How to research writing a fiction book?
Before writing a novel, it’s essential to research the location, the period, the food, the people, and the hobbies and work of the characters. Many authors dread researching, but it can be fun! Here are a few ideas by the Ghostwriting Founder to help you research your book.
Research your book with sophistication
- Write everything you know—use your experience to write your book.
- Visit different restaurants that serve you the same food your characters would love to eat in their location.
- If you have many funds, travel to the location where you want your characters to live.
- Visit some of the museum exhibits to discover some more information about various locations and subjects.
- Take classes on different subjects your characters are interested in or have talents in.
Read to research
- Visit libraries and find authentic reference books on the subject.
- Read books in the same genre as the book you’re writing (especially bestsellers).
- Read the latest magazines and journals on the exact subject.
Use the Internet
- Watch videos on YouTube.

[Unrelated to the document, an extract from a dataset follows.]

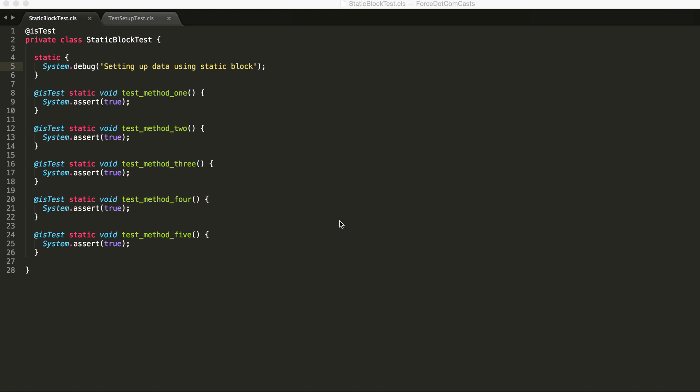Previously whenever we've been writing unit tests on the platform, we know that it's a good practice to have test data created just once. So often what developers would do is they'd have a static block at the start of the test class and this will get called every time the test is run.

Check for a visual image that will bring new ideas you can be added to your book.
- Do the research and see what others are saying. Make sure to review all their sources to make sure that what they are saying is reliable.
- Watch documentaries on the following subject.
- Lookout on Pinterest for inspiration, ideas, and information.
Research as you interact with others
- Call people who live in the following location your book takes place.
- Call people for interviews who have experience with the similar subjects you touch on in your book.
- Email or call the industry experts that you need to learn more about or talk to, asking them just particular questions about the topic that you wouldn’t be able to find answers to elsewhere easily.
- Watch other similar characters to your characters in any way to see how they feel, think, and talk.
Other ideas
- Write down what you have discovered and learned. You don’t have to use all the information you find. You absolutely won’t use it all. But it’s better to gather more than you will use than to have too little. Until you complete the writing process, you never know what tidbit you might have to pull in.
- Write and organize your notes in a way that makes sense to you.
- Don’t go so ahead of when you research your book that you delay writing. It may be helpful, set a time that may limit your search.
- After you start your book, if you run into something minor you need to know, you can always type XXXX as a placemark and research it later so you don’t have to bog down the writing right at a moment when your writing is flowing.
- Leave some things you researched out when you write. It’s incredibly jarring to the audience when an author halts the flow of the story to explain how something else works or what something they added beforehand means.
If it isn’t pertinent to the story and doesn’t introduce confusion by its omission, leave it out! With your research, you can make sure your characters are using the correct terms and reacting appropriately, but you don’t have to include every detail of what you researched. A little authentic flavor goes a long way.
We hope that this article by the ghost writers for hire might have given you some of the research ideas. And if you have any of your ideas to research, you can add them into these easily.